(Web page caption snippets)
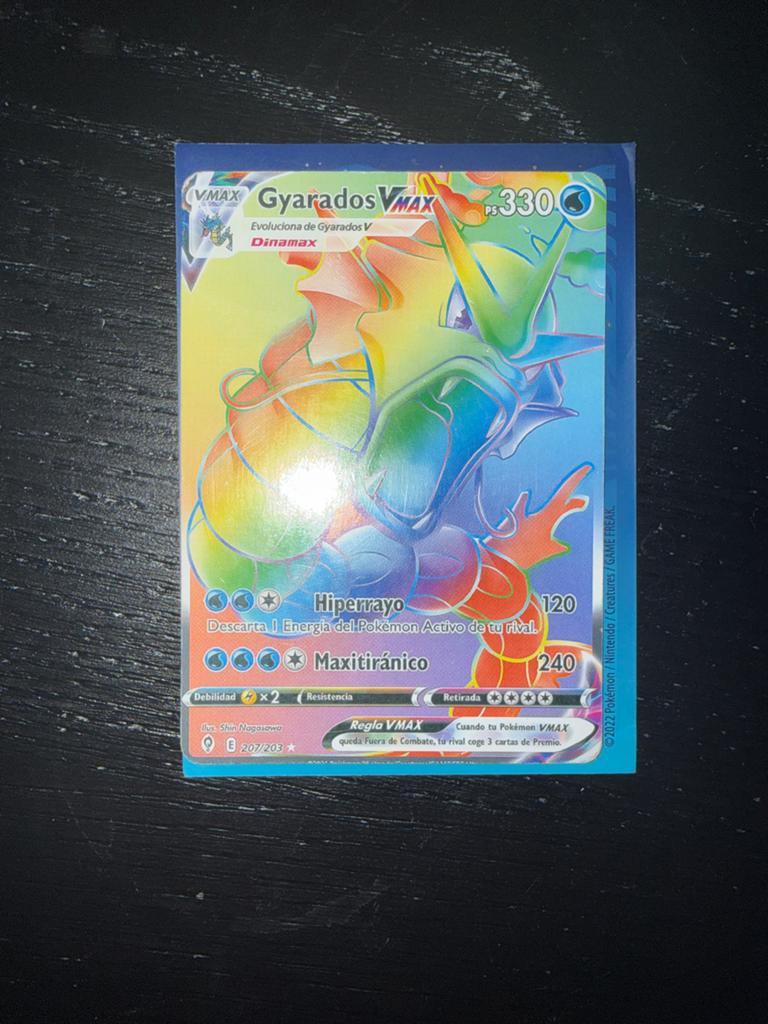 Gyarados VMAX Rainbow Rare Pokémon Kaart, Ophalen, Zo goed als nieuw, Losse kaart, Foil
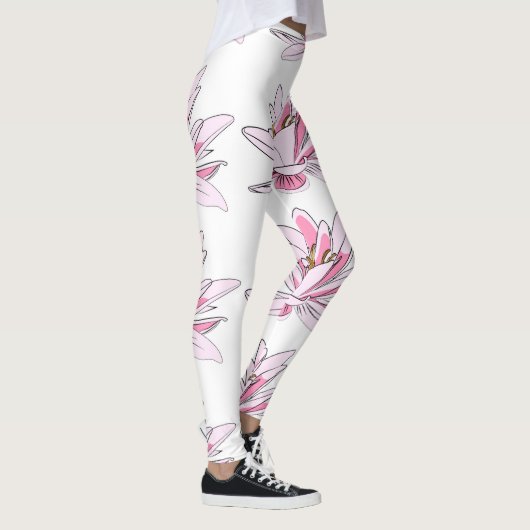 Leggings Fleur rose illustrée (Droite)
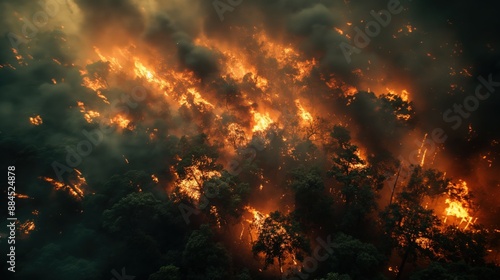 A stream of smoke and flame stretches through the tree canopies,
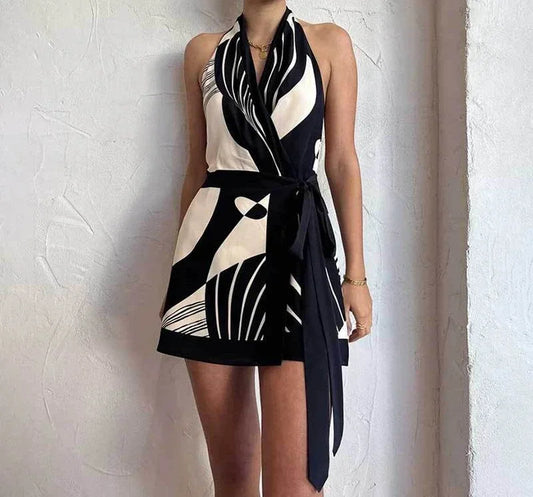 Sexy Halter Neck Backless A-Line Dress – Summer Club Print V-Neck Mini Dress 2024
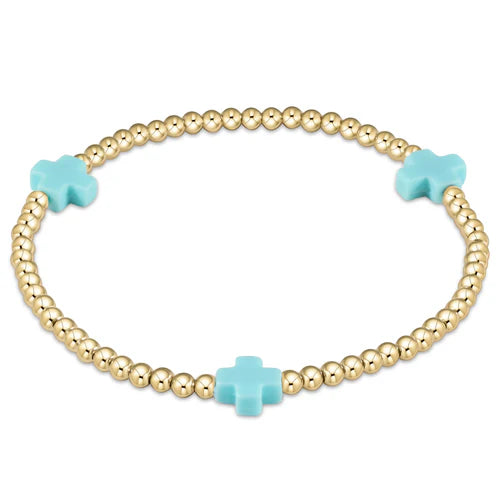 Enewton Extends - Signature Cross Gold Pattern 3mm Bead Bracelet - Turquoise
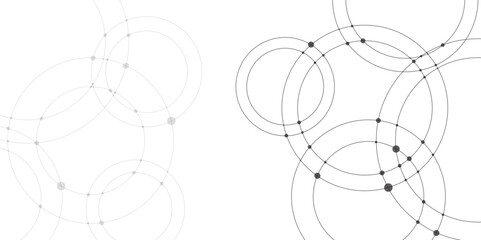 abstract connecting dots and circles. abstract vector illustration with overlapping circles, dots. a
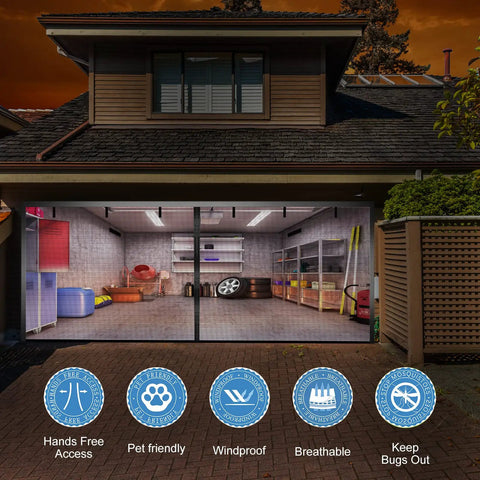 Hands Free Magnetic Garage Screen Door 16x7 Feet For Two Car Garages Fiberglass Mesh Protects Open Garage Entry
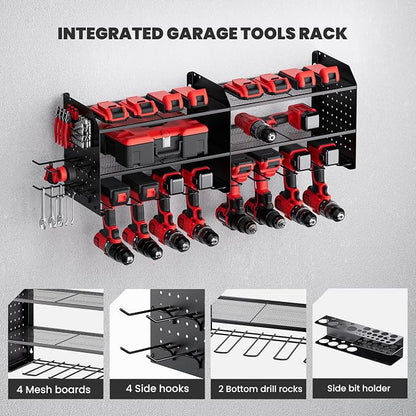 TRZZ 2-in-1 Power Tool Organizer Wall Mount, 3-Layer Drill Holder - Image 2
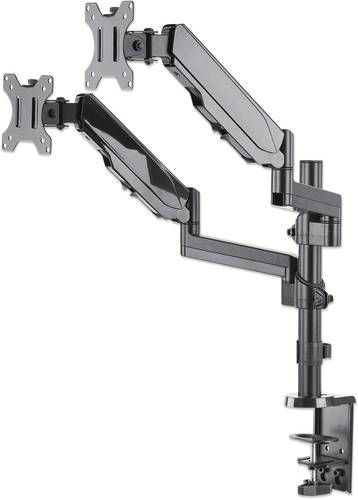 Manhattan 461597 2fach Monitor-Tischhalterung 43,2cm (17 ) - 81,3cm (32 ) Schwarz Drehbar, Höhen von Manhattan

### ASSIGNED TASK
Reproduce exactly the part of the records above that begins at the line holding "Hands Free Magnetic" and ends at the final line, both included, leaving out the pictures.

### SOLUTION
 Hands Free Magnetic Garage Screen Door 16x7 Feet For Two Car Garages Fiberglass Mesh Protects Open Garage Entry
 TRZZ 2-in-1 Power Tool Organizer Wall Mount, 3-Layer Drill Holder - Image 2
 Manhattan 461597 2fach Monitor-Tischhalterung 43,2cm (17 ) - 81,3cm (32 ) Schwarz Drehbar, Höhen von Manhattan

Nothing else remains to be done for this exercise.